Der hagere Mann in seinem gelbgeblümten Schlafrock stand regungslos vor ihr und betrachtete sie mit seinen grellen runden Augen. »Hast du das Geld bei dir?« fragte er. »Mit Träumen löst man keine Pfänder ein.«

»O Daniel!« rief sie, »glaub unserer Mutter! Er wird gesund, wenn er aus dem kleinen Becher trinkt. Sei barmherzig; er ist ja doch von deinem Blute!«

Sie hatte die Hände nach ihm ausgestreckt; aber er trat einen Schritt zurück. »Bleib mir vom Leibe«, sagte er. Dann rief er nach seinen Katzen. »Graps, alte Bestie!
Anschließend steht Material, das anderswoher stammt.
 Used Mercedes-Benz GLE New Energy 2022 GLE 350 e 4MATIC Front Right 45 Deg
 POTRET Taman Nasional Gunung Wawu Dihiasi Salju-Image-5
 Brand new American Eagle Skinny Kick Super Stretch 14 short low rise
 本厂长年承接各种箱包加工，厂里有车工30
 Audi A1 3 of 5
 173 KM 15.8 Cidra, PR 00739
Schnores, mein Söhnchen!« Und der große gelbe Kater sprang mit einem Satz auf den Arm seines Herrn und klauete mit seinen Krallen in der bunten Zipfelmütze, während das schwarze Tier mauzend an seinen Knien hinaufstrebte.
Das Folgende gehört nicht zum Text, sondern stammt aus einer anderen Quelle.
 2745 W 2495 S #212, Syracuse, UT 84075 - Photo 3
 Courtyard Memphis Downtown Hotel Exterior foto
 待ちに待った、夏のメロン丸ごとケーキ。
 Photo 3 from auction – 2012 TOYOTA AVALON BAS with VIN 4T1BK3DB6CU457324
Der kranke Knabe war näher geschlichen. »Mutter«, sagte er, indem er sie heftig an dem Kleide zupfte, »ist das der böse Ohm, der seine schwarzen Kinder verkauft hat?«

Aber in demselben Augenblick hatte auch Herr Bulemann die Katze herabgeworfen und den Arm des aufschreienden Knaben ergriffen. »Verfluchte Bettelbrut«, rief er, »pfeifst du auch das tolle Lied!«

»Bruder, Bruder!« jammerte die Frau. – Doch schon lag der Knabe wimmernd drunten auf dem Treppenabsatz. Die Mutter sprang ihm nach und nahm ihn sanft auf ihren Arm; dann aber richtete sie sich hoch auf, und den blutenden Kopf des Kindes an ihrer Brust, erhob sie die geballte Faust gegen ihren Bruder, der zwischen seinen spinnenden Katzen droben am Treppengeländer stand. »Verruchter, böser Mann!« rief sie. »Mögest du verkommen bei deinen Bestien!«

»Fluche, soviel du Lust hast!« erwiderte der Bruder; »aber mach, daß du aus dem Hause kommst.«

Dann, während das Weib mit dem weinenden Knaben die dunkeln Treppen hinabstieg, lockte er seine Katzen und klappte die Stubentür hinter sich zu. – Er bedachte nicht, daß die Flüche der Armen gefährlich sind, wenn die Hartherzigkeit der Reichen sie hervorgerufen hat.

 

Einige Tage später trat Frau Anken, wie gewöhnlich, mit dem Mittagsessen in die Stube ihres Herrn. Aber sie kniff heute noch mehr als sonst mit den dünnen Lippen, und ihre kleinen blöden Augen leuchteten vor Vergnügen.